Partant, les griefs des recourants relatifs au terrain naturel et à la hauteur
du bâtiment doivent également être écartés.
4.
Les recourants soutiennent que la place de jeux
pour enfants devrait être implantée au Sud de la parcelle.
a) Aux termes de l’art. 48 RC, des
aires de jeu pour enfants doivent être aménagées simultanément avec toute
nouvelle construction de bâtiments voués en tout ou partie à l’habitation
collective, à raison de 7 m2 par 80 m2 de surface brute
de plancher habitable (al. 1). Elles sont réalisées dans des endroits
ensoleillés, à l’écart des bruits et des dangers de la circulation. Elles sont
équipées de jeux appropriés (al. 2).
b) La vision locale a montré que
l’endroit prévu pour la place de jeu se situe à l’écart des bruits et des
dangers de la circulation et qu’il bénéficiera d’un ensoleillement suffisant.
Le fait d’implanter la place de jeu au Nord de la parcelle et non pas au Sud
comme le demandent les recourants ne prête dès lors pas le flanc à la critique.
5.
Les recourants mettent en cause l’intégration du
projet par rapport aux villas traditionnelles basses environnantes.

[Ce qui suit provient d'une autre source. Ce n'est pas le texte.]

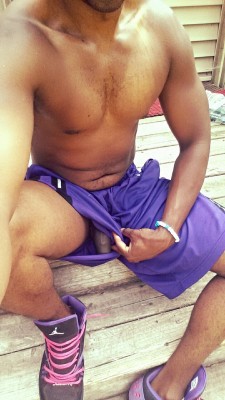 savvyifyanasty:  hungskateboy:  #commando #freeballing #basketballshorts #jordans outside. out.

a) aa) L’art. 86 LATC prévoit que
la municipalité veille à ce que les constructions, quelle que soit leur
destination, ainsi que les aménagements qui leur sont liés, présentent un
aspect architectural satisfaisant et s’intègrent à l’environnement (al. 1);
elle refuse le permis pour les constructions ou les démolitions susceptibles de
compromettre l’aspect et le caractère d’un site, d’une localité, d’un quartier
ou d’une rue, ou de nuire à l’aspect d’un édifice de valeur historique,
artistique ou culturelle (al. 2); les règlements communaux doivent contenir des
dispositions en vue d’éviter l’enlaidissement des localités et de leurs abords
(al. 3).
Au plan communal, l’esthétique et
l’intégration des constructions est régie par les art. 32 et 33 RC dont la
teneur est la suivante :
"Art. 32 -
Intégration
Conformément à
l'article 2 du présent règlement, la Municipalité peut prendre des dispositions
exceptionnelles (notamment en application de l'article 86 LATC) pour
sauvegarder les qualités particulières d'un lieu ou pour tenir compte de
situations acquises. Elle peut ainsi recourir aux articles 64 et suivants de la
LATC."
"Art. 33 -
Choix des couleurs et des matériaux
La Municipalité
approuve le choix et la couleur des matériaux d'un bâtiment, la forme et le
type de couverture de son toit en vue d'assurer l'harmonisation et
l'intégration d'une construction au milieu bâti environnant."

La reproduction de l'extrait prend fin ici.